Segment Start: Records for the exercise
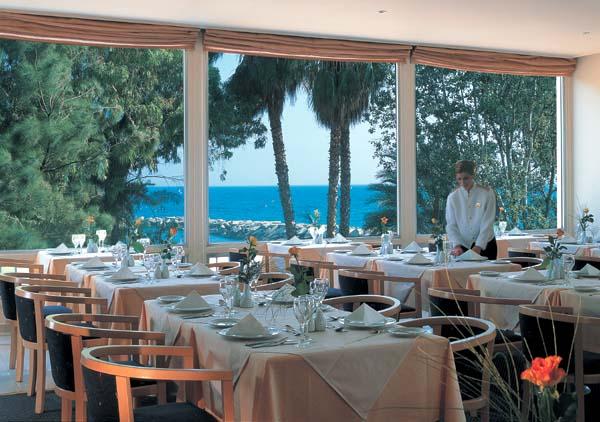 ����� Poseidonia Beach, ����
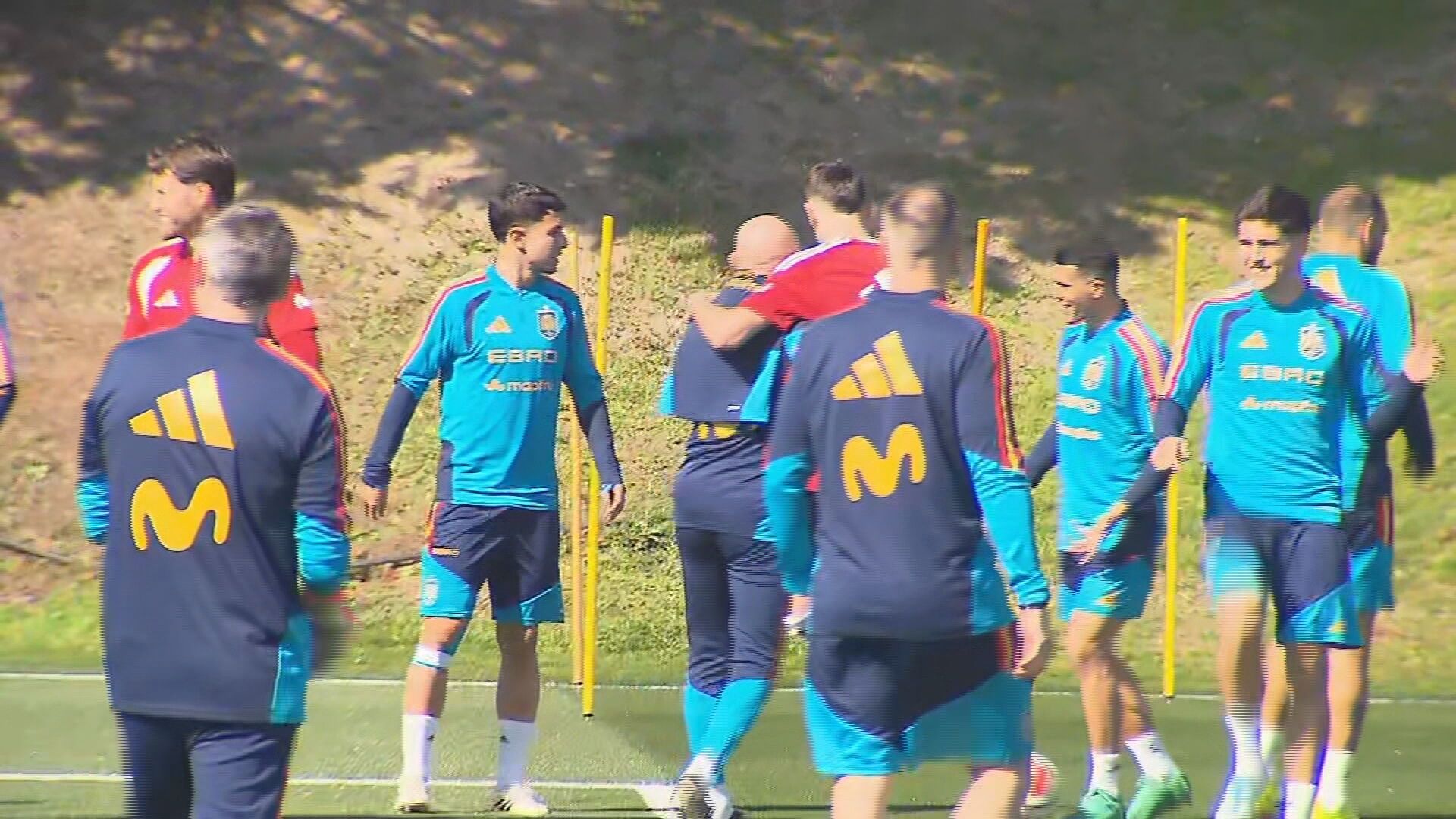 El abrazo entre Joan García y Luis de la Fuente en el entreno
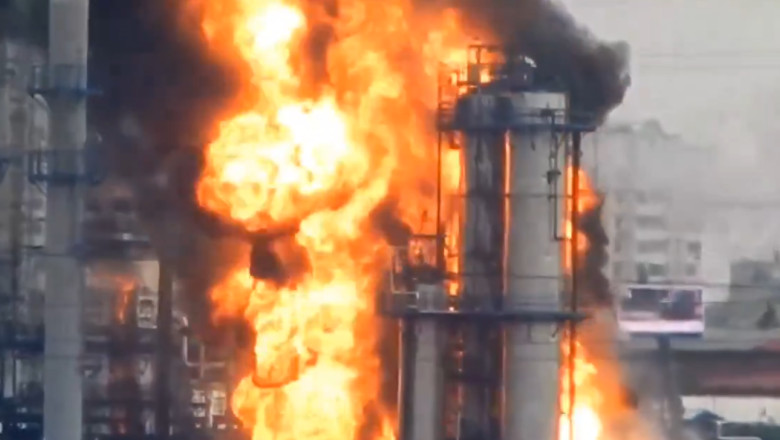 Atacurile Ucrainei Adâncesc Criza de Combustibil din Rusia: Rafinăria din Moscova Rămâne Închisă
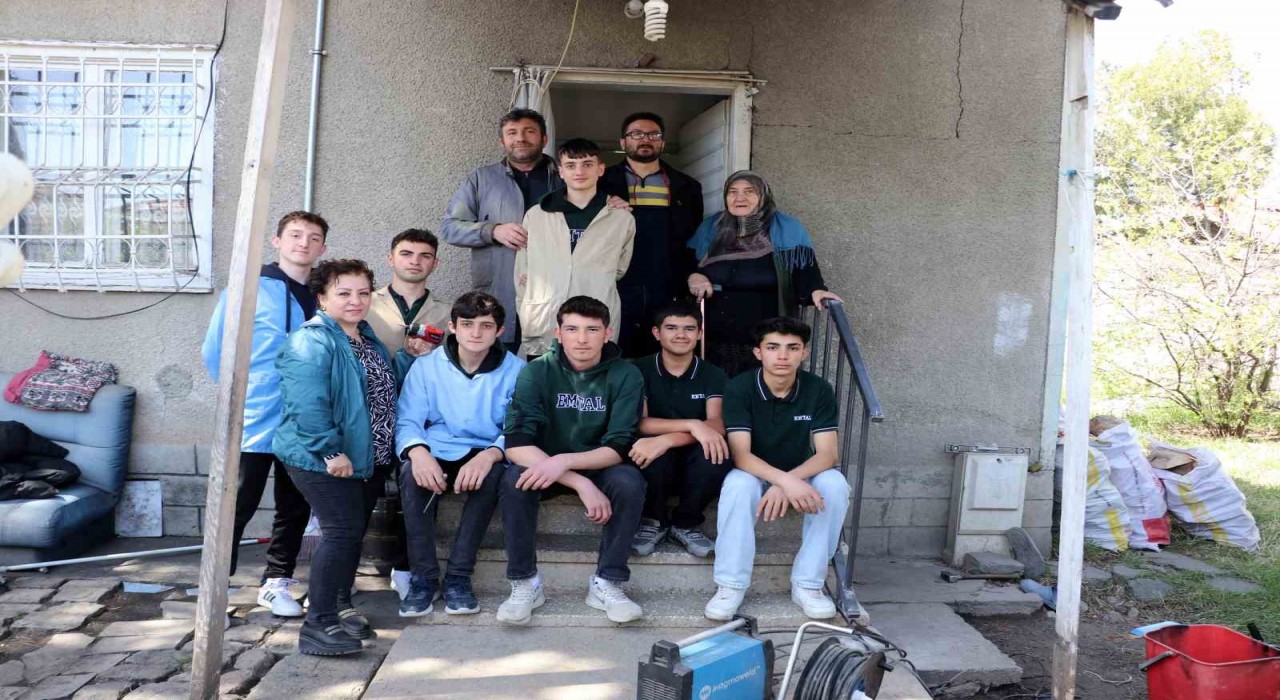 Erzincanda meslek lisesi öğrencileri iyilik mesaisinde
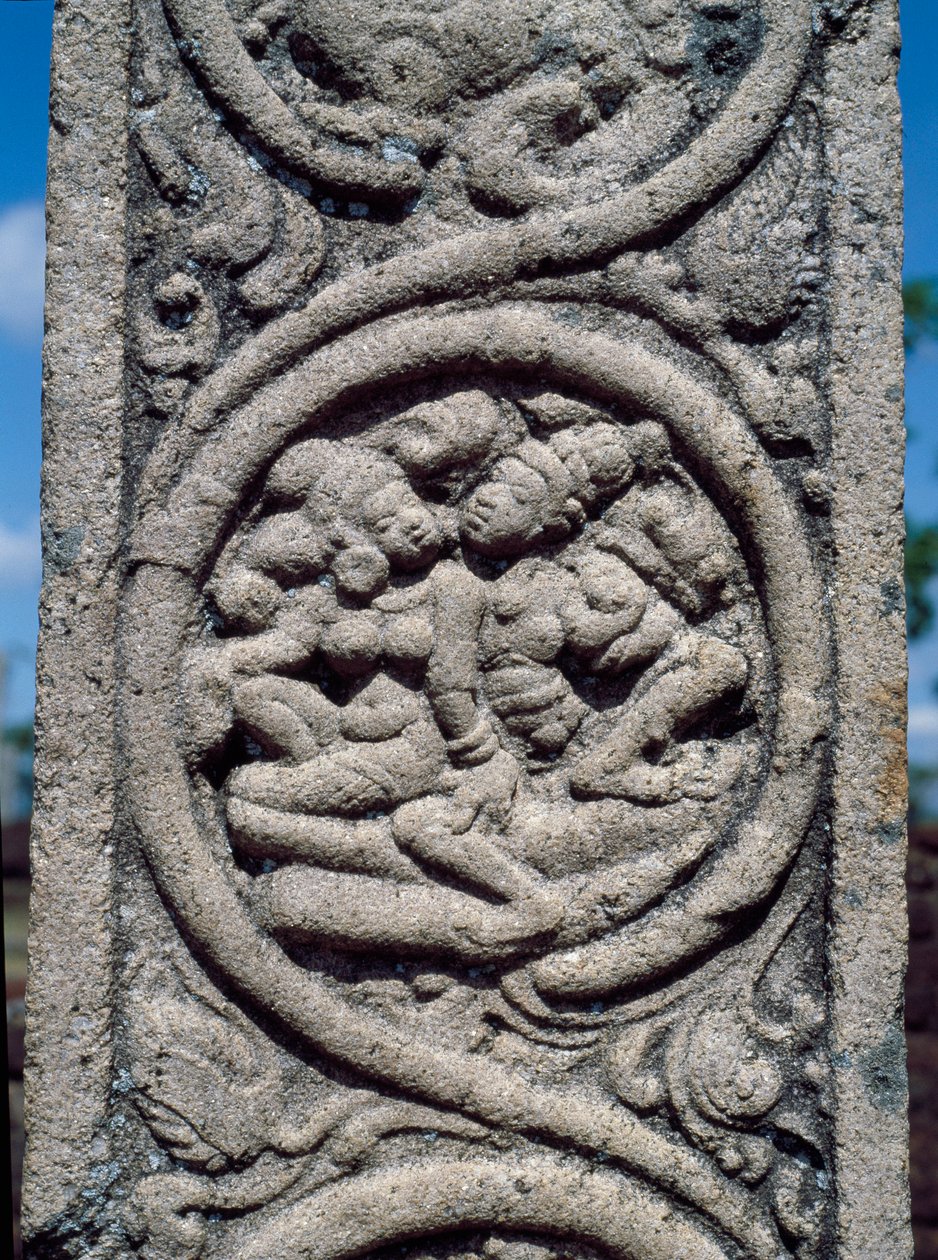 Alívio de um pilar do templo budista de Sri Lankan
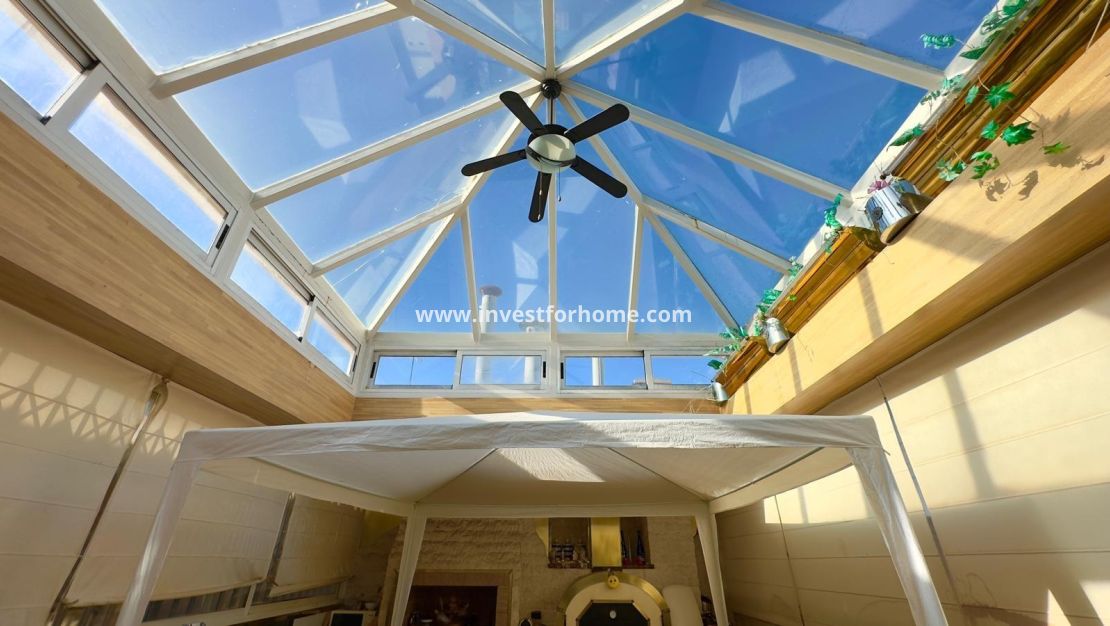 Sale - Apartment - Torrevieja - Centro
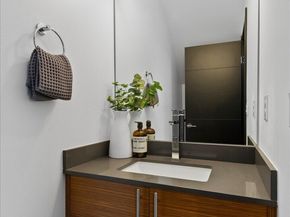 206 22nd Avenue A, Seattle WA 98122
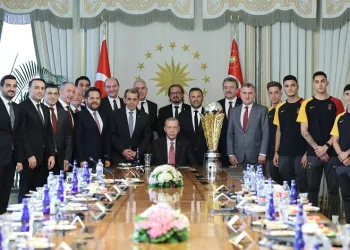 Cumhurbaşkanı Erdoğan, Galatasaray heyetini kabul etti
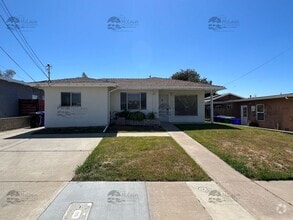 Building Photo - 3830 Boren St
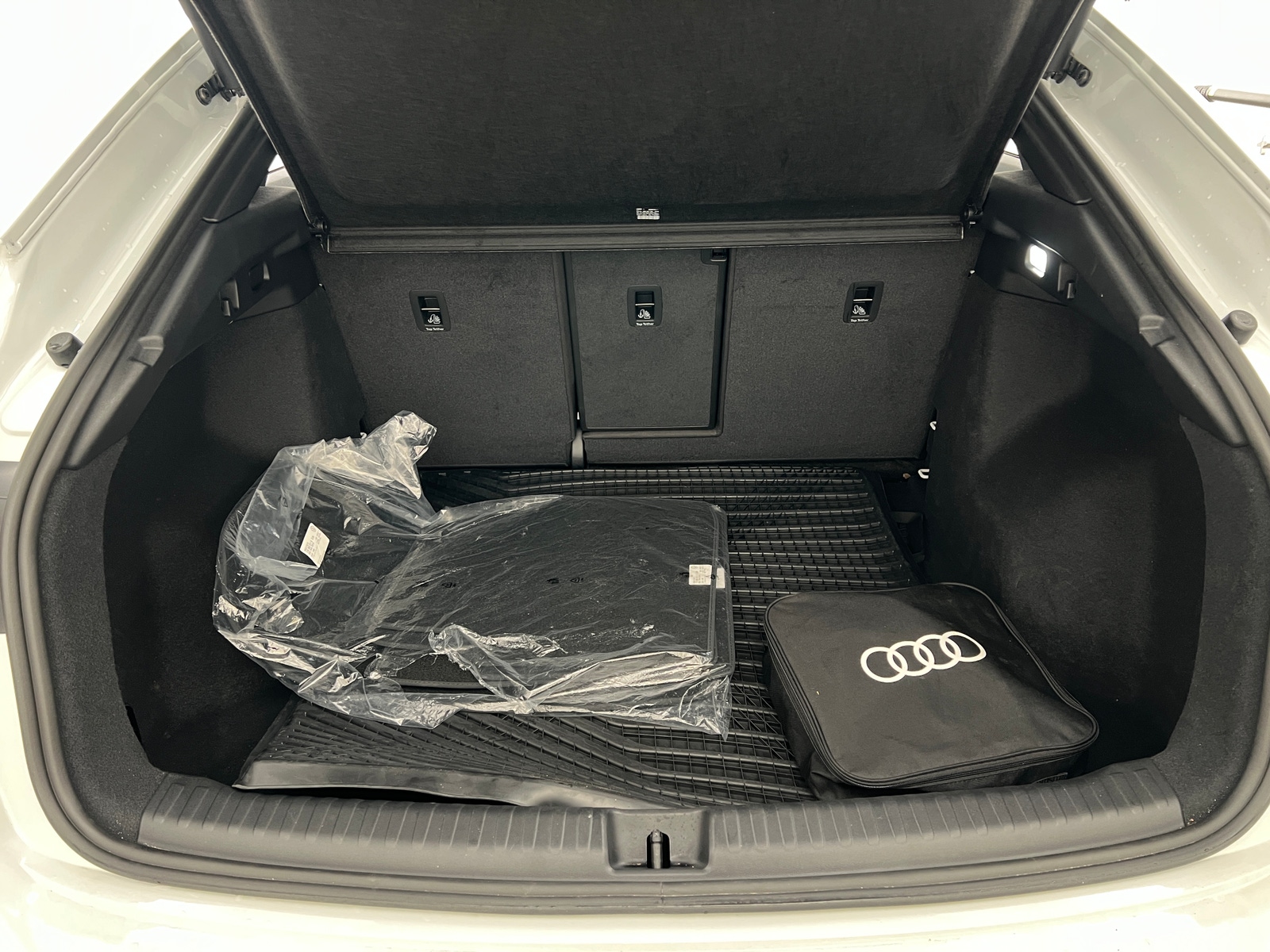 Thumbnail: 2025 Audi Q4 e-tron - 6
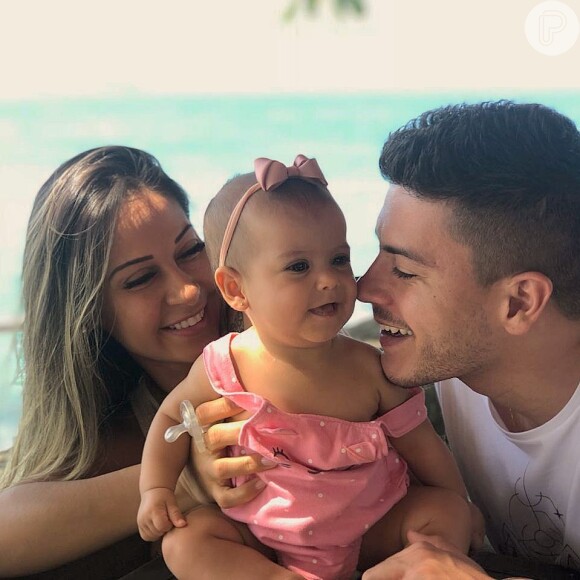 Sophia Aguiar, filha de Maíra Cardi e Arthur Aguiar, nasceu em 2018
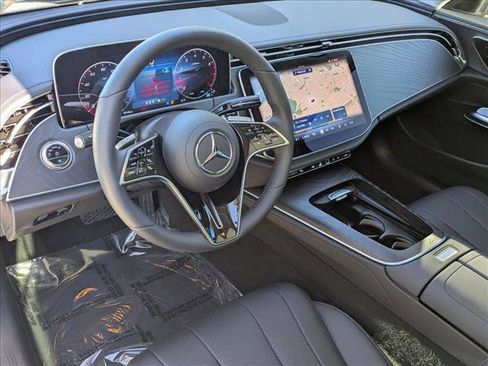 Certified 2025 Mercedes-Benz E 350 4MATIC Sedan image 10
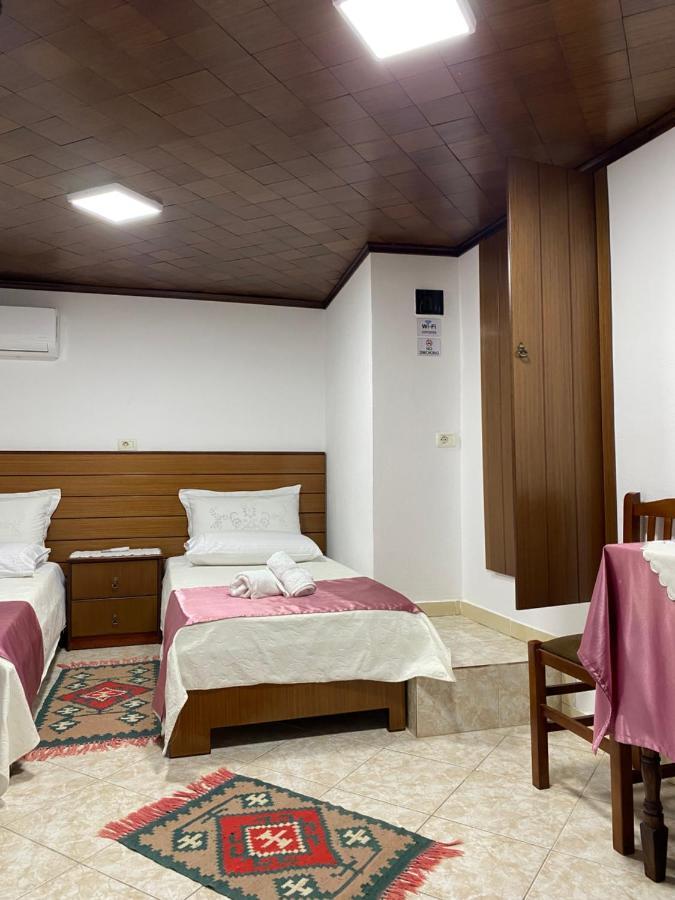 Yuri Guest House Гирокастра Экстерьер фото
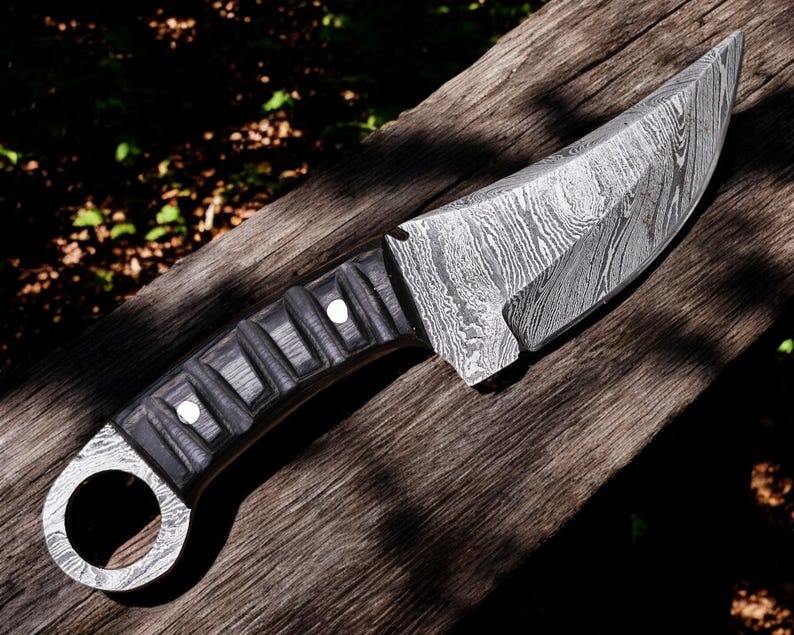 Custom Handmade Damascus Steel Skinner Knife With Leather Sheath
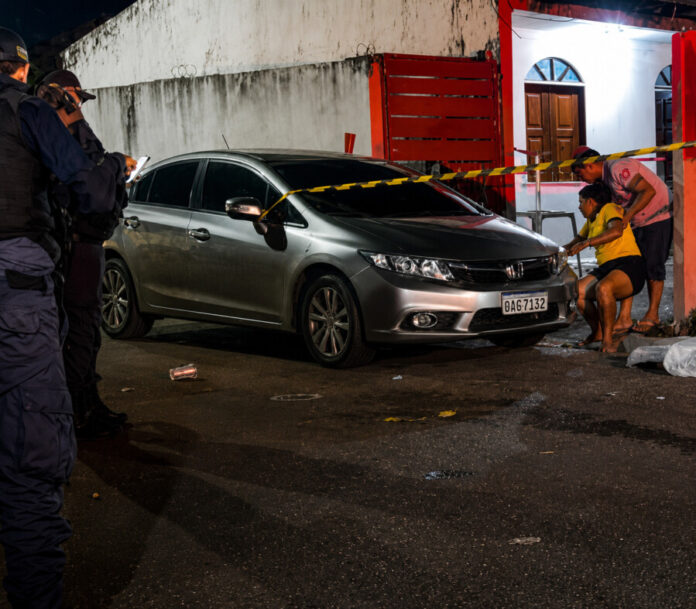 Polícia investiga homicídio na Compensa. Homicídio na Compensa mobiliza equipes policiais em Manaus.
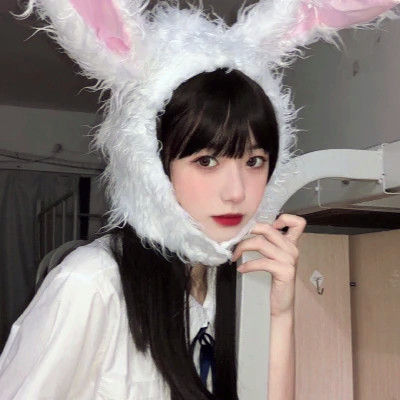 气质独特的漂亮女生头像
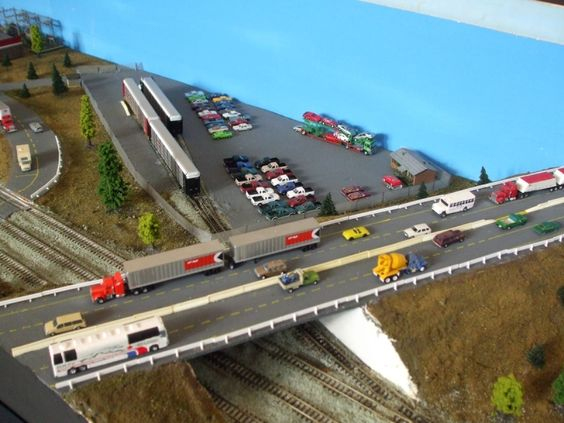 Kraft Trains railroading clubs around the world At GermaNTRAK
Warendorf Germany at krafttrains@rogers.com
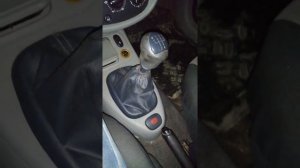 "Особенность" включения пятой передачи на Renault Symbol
Segment End: Records for the exercise
■ Task prompt: The line containing "Polícia investiga homicídio" and every line after it, through the end of the records, are what you should retype exactly. Do not include the pictures.

■ Result for this exercise:
 Polícia investiga homicídio na Compensa. Homicídio na Compensa mobiliza equipes policiais em Manaus.
 气质独特的漂亮女生头像
 Kraft Trains railroading clubs around the world At GermaNTRAK
Warendorf Germany at krafttrains@rogers.com
 "Особенность" включения пятой передачи на Renault Symbol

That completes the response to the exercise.